NOTE: Although you can specify any value for the container name in the FROM clause, we recommend you use the container name for consistency.

Perform parameterized queries by passing a dictionary containing the parameters and their values to CosmosClient.QueryItems:

discontinued_items = client.QueryItems(
    "dbs/" + database_id + "/colls/" + container_id,
    {
        'query': 'SELECT * FROM root r WHERE r.id=@id',
        'parameters': [
            {'name': '@id', 'value': 'item3'}
        ]
    },
    {'enableCrossPartitionQuery': True})
for item in discontinued_items:
    print(json.dumps(item, indent=True))

For more information on querying Cosmos DB databases using the SQL API, see Query Azure Cosmos DB data with SQL queries.

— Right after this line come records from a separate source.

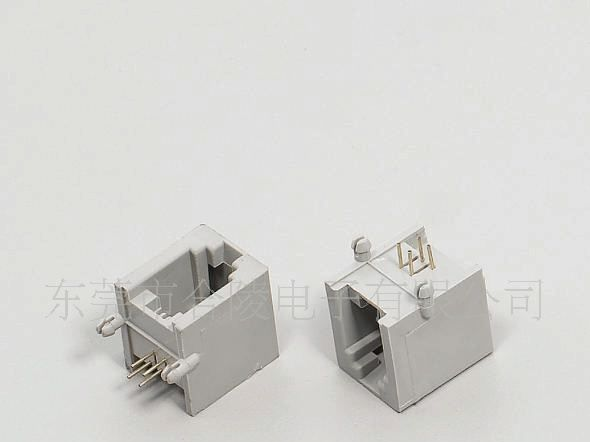 RJ45 8P8C网络连接器插座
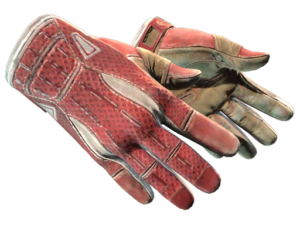 ★ Sport Gloves | Slingshot (Field-Tested)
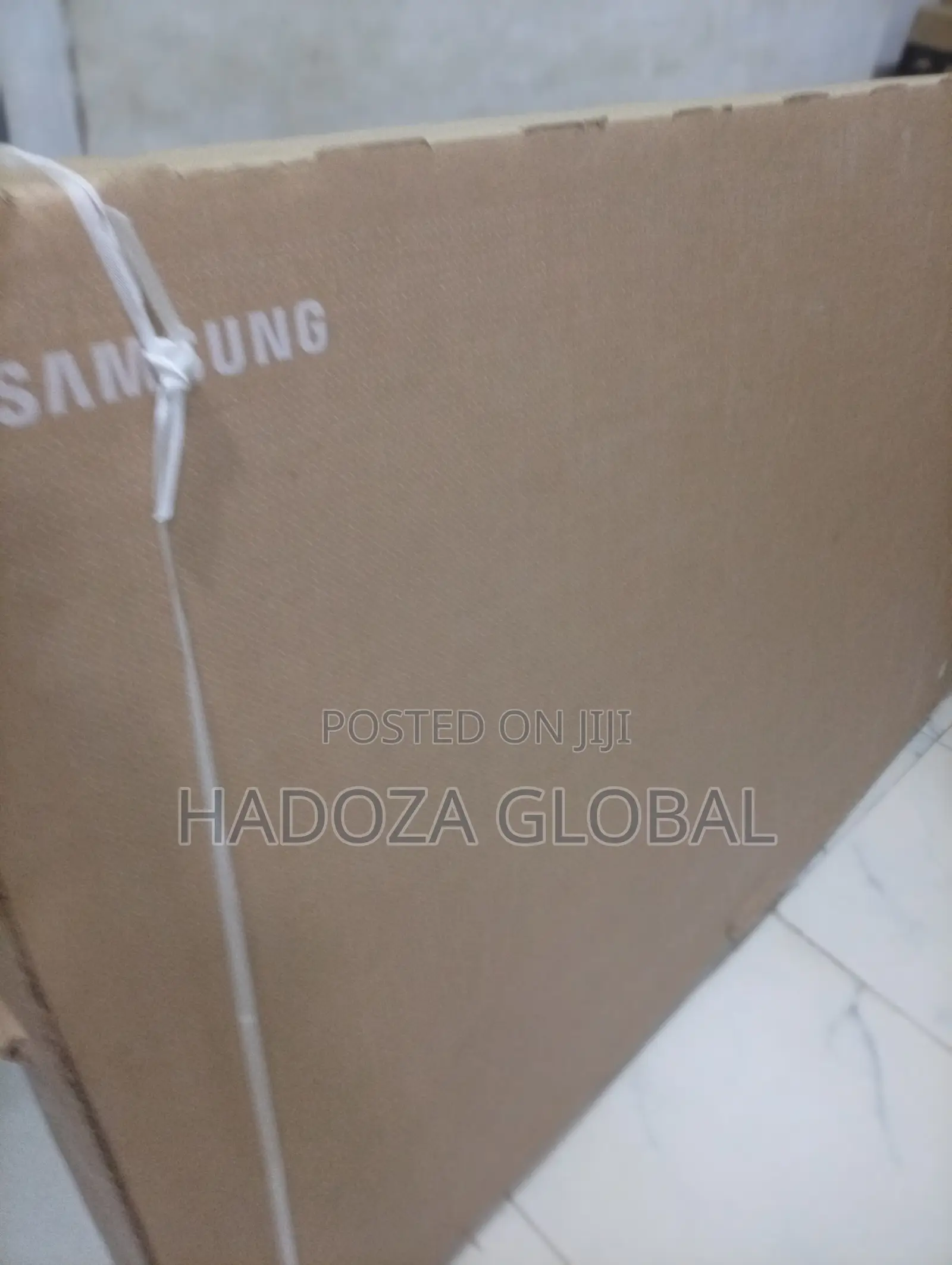Samsung 75” Ultra HD Smart TV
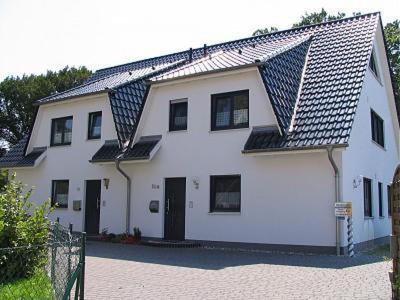 Appartement Schulstrasse 10a Fewo Schulstrasse 10a Fewo 18374 Zingst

Modify container properties

Certain properties of an existing container can be modified. This example sets the default time to live (TTL) for items in the container to 10 seconds:

container = client.ReadContainer("dbs/" + database_id + "/colls/" + container_id)
container['defaultTtl'] = 10
modified_container = client.ReplaceContainer(
    "dbs/" + database_id + "/colls/" + container_id, container)
# Display the new TTL setting for the container
print(json.dumps(modified_container['defaultTtl']))

For more information on TTL, see Time to Live for Azure Cosmos DB data.

Troubleshooting

General

When you interact with Cosmos DB using the Python SDK, errors returned by the service correspond to the same HTTP status codes returned for REST API requests:

HTTP Status Codes for Azure Cosmos DB

For example, if you try to create a container using an ID (name) that's already in use in your Cosmos DB database, a 409 error is returned, indicating the conflict. In the following snippet, the error is handled gracefully by catching the exception and displaying additional information about the error.

try:
    container = client.CreateContainer("dbs/" + database['id'], container_definition)
except errors.HTTPFailure as e:
    if e.status_code == http_constants.StatusCodes.CONFLICT:
        print("""Error creating container
HTTP status code 409: The ID (name) provided for the container is already in use.
The container name must be unique within the database.""")
    else:
        raise e

Next steps

For more extensive documentation on the Cosmos DB service, see the Azure Cosmos DB documentation on docs.microsoft.com.

Contributing

This project welcomes contributions and suggestions. Most contributions require you to agree to a Contributor License Agreement (CLA) declaring that you have the right to, and actually do, grant us the rights to use your contribution. For details, visit https://cla.microsoft.com.

When you submit a pull request, a CLA-bot will automatically determine whether you need to provide a CLA and decorate the PR appropriately (e.g., label, comment). Simply follow the instructions provided by the bot. You will only need to do this once across all repos using our CLA.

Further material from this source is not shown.